On Fri, May 15, 2020 at 8:58 PM Brantley Coile <brantley@coraid.com> wrote:
I always kept local, single characters in ints. This avoided the problem with loading a character being signed or unsigned. The reason for not specifying is obvious. Today, you can pick the move-byte-into-word instruction that either sign extends or doesn't. But when C was defined that wasn't the case. Some machines sign extended when a byte was loaded into a register and some filled the upper bits with zero. For machines that filled with zero, a char was unsigned. If you forced the language to do one or the other, it would be expensive on the opposite kind of machine.

Not only that, but if one used an exactly `char`-width value to hold, er, character data as returned from `getchar` et al, then one would necessarily give up the possibility of handling whatever character value was chosen for the sentinel marking end-of-input stream.  `getchar` et al are defined to return EOF on end of input; if they didn't return a wider type than `char`, there would be data that could not be read. On probably every machine I am ever likely to use again in my lifetime, byte value 255 would be -1 as a signed char, but it is also a perfect valid value for a byte.

The details of whether char is signed or unsigned aside, use of a wider type is necessary for correctness and ability to completely represent the input data.

It's one of the things that made C a good choice on a wide variety of machines.

I guess I always "saw" the return value of the getchar() as being in a int sized register, at first namely R0, so kept the character values returned as ints. The actual EOF indication from a read is a return value of zero for the number of characters read.

That's certainly true. Had C supported multiple return values or some kind of option type from the outset, it might have been that `getchar`, read, etc, returned a pair with some useful value (e.g., for `getchar` the value of the byte read; for `read` a length) and some indication of an error/EOF/OK value etc. Notably, both Go and Rust support essentially this: in Go, `io.Read()` returns a `(int, error)` pair, and the error is `io.EOF` on end-of-input; in Rust, the `read` method of the `Read` trait returns a `Result<usize, io::Error>`, though a `Result::Ok(n)`, where `n==0` indicates EOF.

But I'm just making noise because I'm sure everyone knows all this.
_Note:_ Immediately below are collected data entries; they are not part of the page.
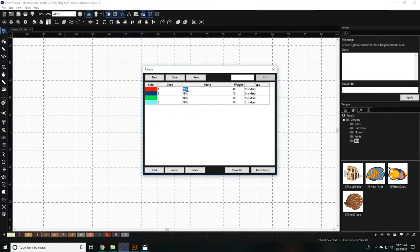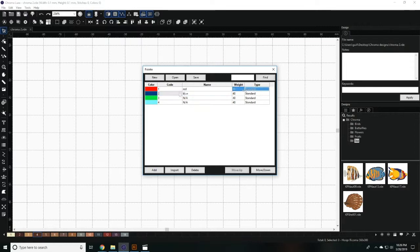Once you're done, you can name the colors based on the thread color that you wish to match them to. You can also change the weight and the type of thread.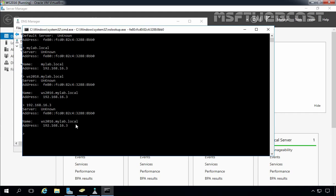So finally, we can say we have a working and running Active Directory Domain Services with DNS service as well. That concludes the video demonstration on how to set up Active Directory on Windows Server 2016. Thank you for watching this video.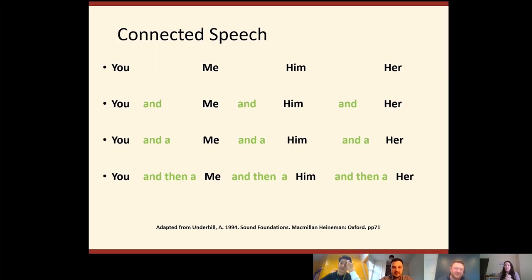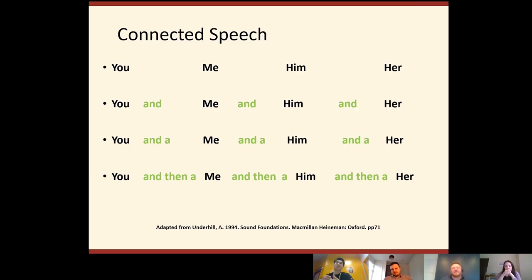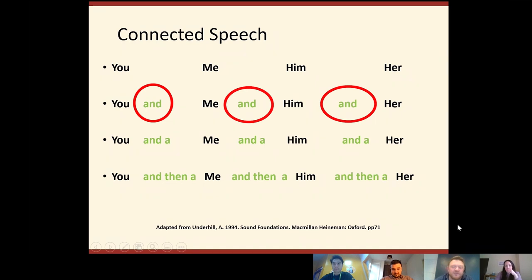Obviously this isn't grammatical — it's something that just exists for this exercise. Moving on to the next line: 'You and me and him and her.' Looking at the word 'and' highlighted in green — do we pronounce it as 'and', or do we pronounce it differently?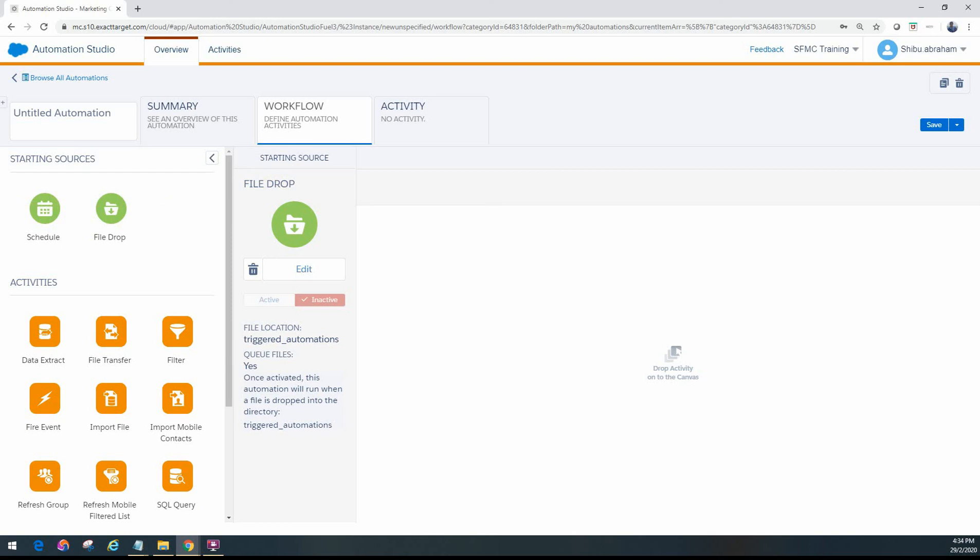That's the difference in the way you test between the file drop and schedule starting sources. That concludes the module on entry sources. I hope you enjoyed the content. Next videos we'll be looking at the file transfer activity. Please provide your feedback in the comment section and I'll try to help answer any questions you may have in the videos we've covered. Thank you for watching.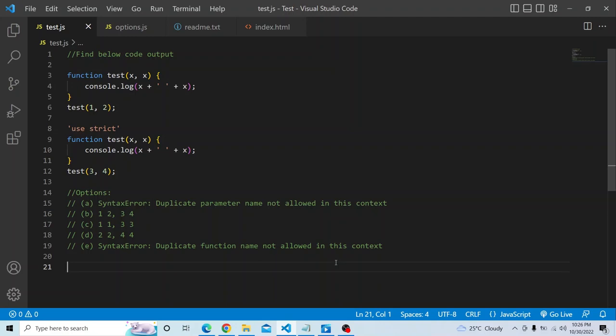If you like this challenge, please hit the subscribe button and watch the other coding challenges already published and coming in the future. Please try it from your end and see what output you get. Before we deep dive into this question, we are actually using 'use strict' and enabling strict mode, so we have to understand what strict mode is.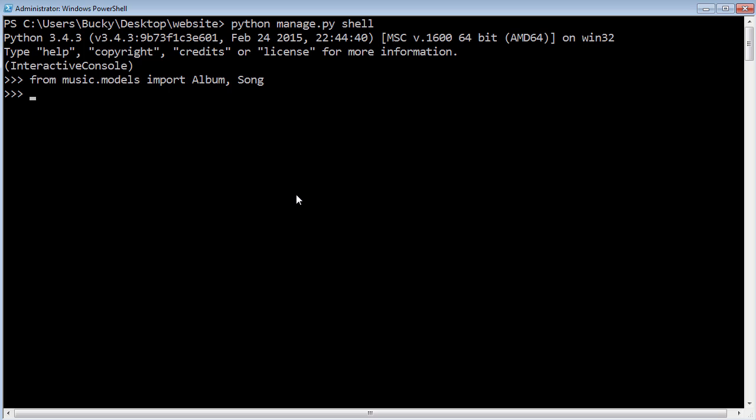Now that we have those models imported, we can go ahead and start performing some functions on them. Right now I just want to see all of the items that are in the album table. If I go Album.objects.all, look at that, nothing. Obviously we don't have any items in there because we didn't add any.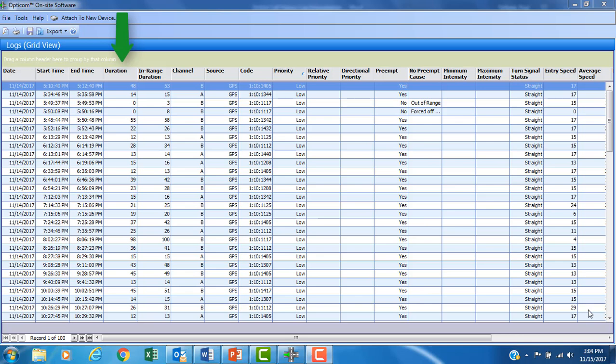Observing the call duration column in the OptiCom log would verify the length of time that the call had been made to the controller in order to turn the light green. Logs could also be used to put this exception incident in context with more typical calls at the same intersection over time. The resulting action could then be taken by the traffic signal maintenance personnel, which would include using on-site to reduce the max call time, minimizing the impact of unnecessarily tying up an intersection during preemption.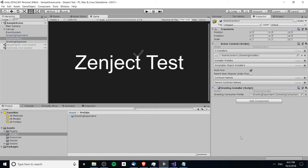Hello everybody, Chris here. In this video I'm going to be showing you how to create a scriptable object installer for Zenject in Unity, and to basically pull settings out so that they can be maintained in that scriptable object.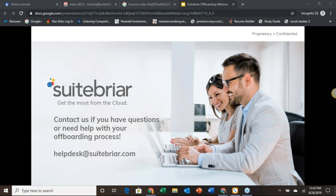Thank you everyone for your time. If you have any questions that pop up after you leave, reach out at helpdesk at sweetbriar.com. If it's something about Backupify, Spanning, Cloud Manager, Cloud Migrate, or any other third-party tools we looked at today, we can set you up with a demo to help you out. Thank you so much for your time, folks. My name is Rob Moore, I'm Director of Customer Support for Sweetbriar. Thank you Megan for your help. We hope to talk to you soon — everyone have a great day.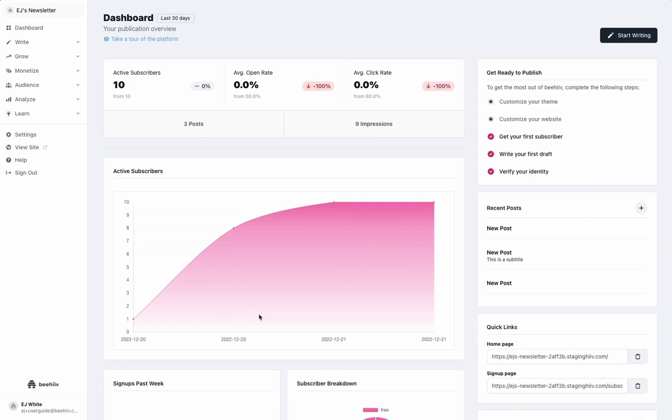you will automatically be entered into a 14-day, no-obligation, no-credit-card free trial of our premium features found in our Grow and Scale plans.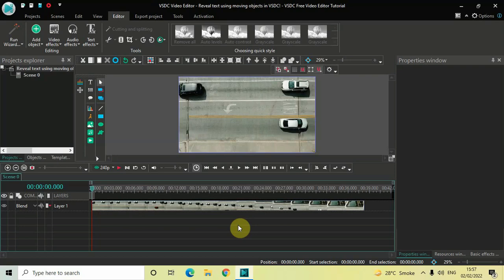Hey guys, welcome back to Next-Gen Blogger. In this video I want to show you how you can reveal text using moving objects in VSTC free video editor. It's actually super easy to reveal text using moving objects in VSTC, so without further delay let's get started and see how you can do this.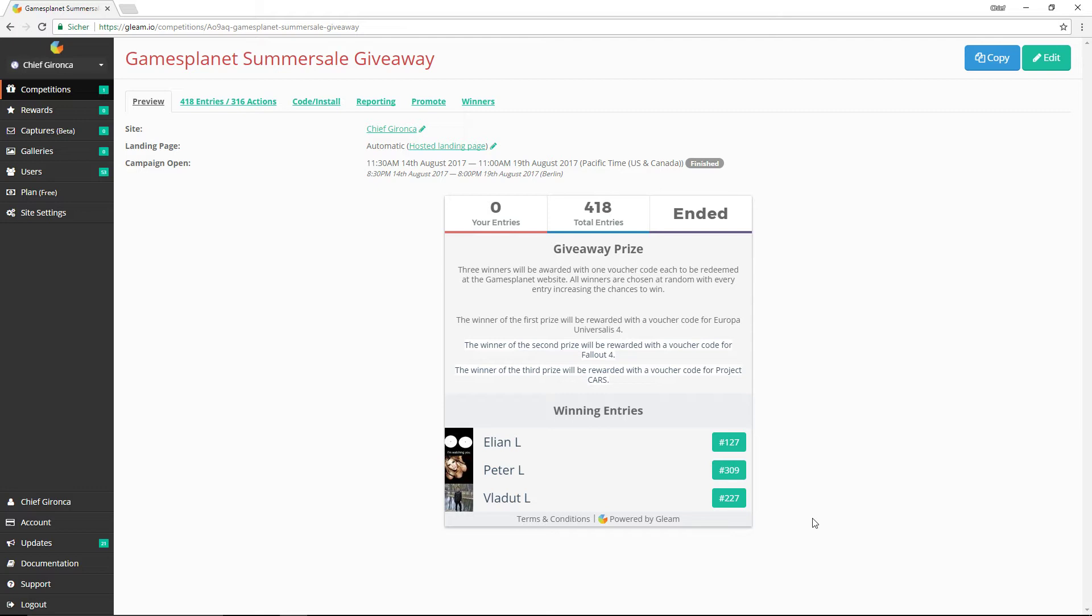So apparently you had to have a last name starting with L. That was apparently the criteria to win.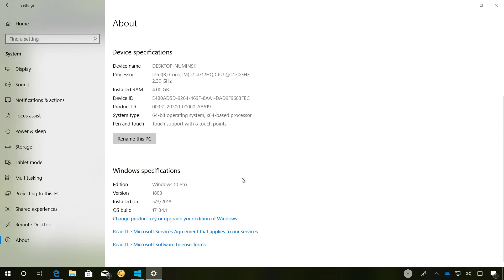And in the About page, the version number now should be 18.03 and the build number should be 17.134.1 or later.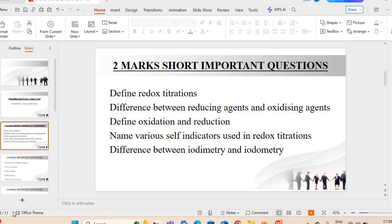Hello, very good evening to all of you. Welcome to my channel Inspire Pharma. Today I will take another interesting topic on this video — pharmaceutical analysis two marks important questions.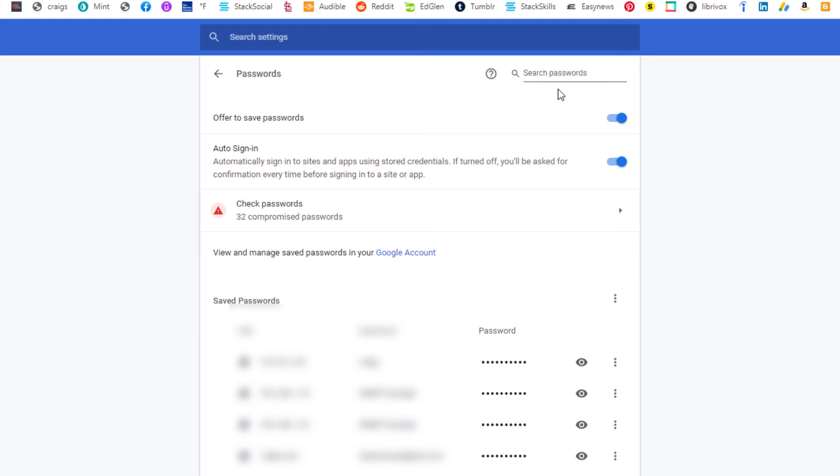But that is how you find your Google Chrome passwords using a desktop PC. Thanks for watching.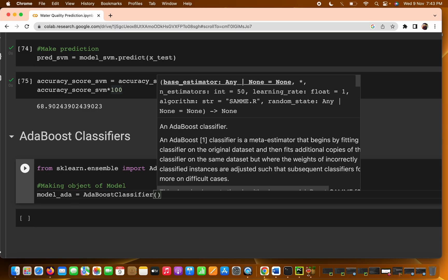In the AdaBoostClassifier object, the n_estimators parameter defaults to 50, meaning 50 sequential models are used. The learning rate defaults to 1 — it controls how fast the model learns. You can't keep it too high or too low; a very high learning rate can cause overfitting. This concept is especially important in deep learning.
I think it's worthwhile stating these things explicitly, sometimes.

        - Dan C.

> On May 15, 2020, at 4:18 PM, ron@ronnatalie.com wrote:
>
> EOF is defined to be -1.
> getchar() returns int, but c is a unsigned char, the value of (c = getchar()) will be 255.    This will never compare equal to -1.



> Ron,

> Hmmm... getchar/getc are defined as returning int in the man page and C is traditionally defined as an int in this code..

> On Fri, May 15, 2020 at 4:02 PM <ron@ronnatalie.com> wrote:
>> Unfortunately, if c is char on a machine with unsigned chars, or it’s of type unsigned char, the EOF will never be detected.
>> 
>> 
>> 
>>>     • while ((c = getchar()) != EOF) if (c == '\n') { /* entire record is now there */